Records from a dataset:
--

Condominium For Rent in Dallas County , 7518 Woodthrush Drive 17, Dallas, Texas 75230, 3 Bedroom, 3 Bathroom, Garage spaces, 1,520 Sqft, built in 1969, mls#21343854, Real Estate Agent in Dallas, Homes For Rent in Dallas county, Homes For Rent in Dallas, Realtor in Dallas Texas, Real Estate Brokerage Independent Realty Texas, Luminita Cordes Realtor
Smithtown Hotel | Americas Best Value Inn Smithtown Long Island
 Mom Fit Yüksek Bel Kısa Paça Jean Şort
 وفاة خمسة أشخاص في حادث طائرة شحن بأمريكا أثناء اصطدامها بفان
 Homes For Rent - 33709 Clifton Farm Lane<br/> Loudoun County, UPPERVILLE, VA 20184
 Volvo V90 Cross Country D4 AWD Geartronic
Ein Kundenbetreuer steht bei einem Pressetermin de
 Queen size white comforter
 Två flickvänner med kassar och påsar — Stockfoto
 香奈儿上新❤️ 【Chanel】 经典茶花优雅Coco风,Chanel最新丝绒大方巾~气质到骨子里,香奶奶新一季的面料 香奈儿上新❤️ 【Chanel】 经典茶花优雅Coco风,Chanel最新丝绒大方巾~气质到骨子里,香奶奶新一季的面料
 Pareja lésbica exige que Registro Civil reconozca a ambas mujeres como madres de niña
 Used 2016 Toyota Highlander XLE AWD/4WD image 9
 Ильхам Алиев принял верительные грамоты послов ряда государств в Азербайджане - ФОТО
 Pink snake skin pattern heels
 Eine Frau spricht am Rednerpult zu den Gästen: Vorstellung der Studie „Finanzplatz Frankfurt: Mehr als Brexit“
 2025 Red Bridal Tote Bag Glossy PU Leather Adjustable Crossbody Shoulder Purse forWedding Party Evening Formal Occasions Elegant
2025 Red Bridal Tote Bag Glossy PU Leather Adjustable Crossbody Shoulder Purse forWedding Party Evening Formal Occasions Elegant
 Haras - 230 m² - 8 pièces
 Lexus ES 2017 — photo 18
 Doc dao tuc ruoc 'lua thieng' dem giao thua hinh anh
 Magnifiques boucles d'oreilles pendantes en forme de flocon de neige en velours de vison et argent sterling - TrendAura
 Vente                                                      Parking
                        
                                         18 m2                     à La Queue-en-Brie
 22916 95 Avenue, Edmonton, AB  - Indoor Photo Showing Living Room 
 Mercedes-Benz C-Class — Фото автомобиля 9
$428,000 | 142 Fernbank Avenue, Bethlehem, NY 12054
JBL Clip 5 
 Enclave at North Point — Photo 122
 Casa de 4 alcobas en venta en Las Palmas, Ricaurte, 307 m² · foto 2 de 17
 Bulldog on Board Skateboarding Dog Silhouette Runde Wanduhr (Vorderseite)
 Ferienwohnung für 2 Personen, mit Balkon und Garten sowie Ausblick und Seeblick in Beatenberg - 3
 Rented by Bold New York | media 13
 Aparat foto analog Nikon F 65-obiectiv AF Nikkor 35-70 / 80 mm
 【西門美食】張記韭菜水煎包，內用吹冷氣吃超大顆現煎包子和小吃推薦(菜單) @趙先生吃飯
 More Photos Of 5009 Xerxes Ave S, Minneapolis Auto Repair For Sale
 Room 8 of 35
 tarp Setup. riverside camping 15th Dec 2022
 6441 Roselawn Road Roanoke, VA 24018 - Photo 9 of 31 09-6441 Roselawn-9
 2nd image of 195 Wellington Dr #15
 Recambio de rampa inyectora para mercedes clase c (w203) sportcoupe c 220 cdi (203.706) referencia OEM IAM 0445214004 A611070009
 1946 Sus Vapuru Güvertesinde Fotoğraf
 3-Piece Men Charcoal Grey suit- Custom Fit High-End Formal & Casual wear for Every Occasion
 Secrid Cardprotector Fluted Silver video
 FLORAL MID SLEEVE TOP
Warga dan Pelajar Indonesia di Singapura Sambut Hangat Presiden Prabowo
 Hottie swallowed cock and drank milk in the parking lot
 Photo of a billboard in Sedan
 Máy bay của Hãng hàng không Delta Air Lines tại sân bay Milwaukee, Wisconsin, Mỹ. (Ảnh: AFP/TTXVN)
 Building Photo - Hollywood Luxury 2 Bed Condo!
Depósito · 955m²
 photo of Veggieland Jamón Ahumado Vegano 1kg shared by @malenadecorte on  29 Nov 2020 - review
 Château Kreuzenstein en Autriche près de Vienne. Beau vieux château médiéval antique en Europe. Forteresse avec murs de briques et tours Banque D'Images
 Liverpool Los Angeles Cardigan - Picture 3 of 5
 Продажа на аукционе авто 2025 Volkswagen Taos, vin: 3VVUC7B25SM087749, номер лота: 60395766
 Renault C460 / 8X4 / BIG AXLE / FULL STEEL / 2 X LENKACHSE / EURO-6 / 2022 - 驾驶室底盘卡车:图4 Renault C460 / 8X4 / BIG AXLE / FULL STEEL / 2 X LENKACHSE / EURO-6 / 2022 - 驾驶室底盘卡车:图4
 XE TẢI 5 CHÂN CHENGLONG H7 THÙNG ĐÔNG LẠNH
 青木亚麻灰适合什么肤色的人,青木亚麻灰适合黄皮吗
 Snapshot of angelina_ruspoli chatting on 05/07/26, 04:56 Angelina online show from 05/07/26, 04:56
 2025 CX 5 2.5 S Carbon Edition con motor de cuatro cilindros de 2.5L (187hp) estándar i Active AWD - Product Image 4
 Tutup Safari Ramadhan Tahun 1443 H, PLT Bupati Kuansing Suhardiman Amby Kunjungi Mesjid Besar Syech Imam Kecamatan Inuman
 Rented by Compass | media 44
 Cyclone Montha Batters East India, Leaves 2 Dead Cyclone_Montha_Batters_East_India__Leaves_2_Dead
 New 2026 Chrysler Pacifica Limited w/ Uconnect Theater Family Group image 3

--

Try it:
Out of the data above, transcribe exactly and only the lines starting with the line that has "2nd image of 195 Wellington Dr #15" and going on through the line that has "Photo of a billboard in Sedan", both included.

Your response:
 2nd image of 195 Wellington Dr #15
 Recambio de rampa inyectora para mercedes clase c (w203) sportcoupe c 220 cdi (203.706) referencia OEM IAM 0445214004 A611070009
 1946 Sus Vapuru Güvertesinde Fotoğraf
 3-Piece Men Charcoal Grey suit- Custom Fit High-End Formal & Casual wear for Every Occasion
 Secrid Cardprotector Fluted Silver video
 FLORAL MID SLEEVE TOP
Warga dan Pelajar Indonesia di Singapura Sambut Hangat Presiden Prabowo
 Hottie swallowed cock and drank milk in the parking lot
 Photo of a billboard in Sedan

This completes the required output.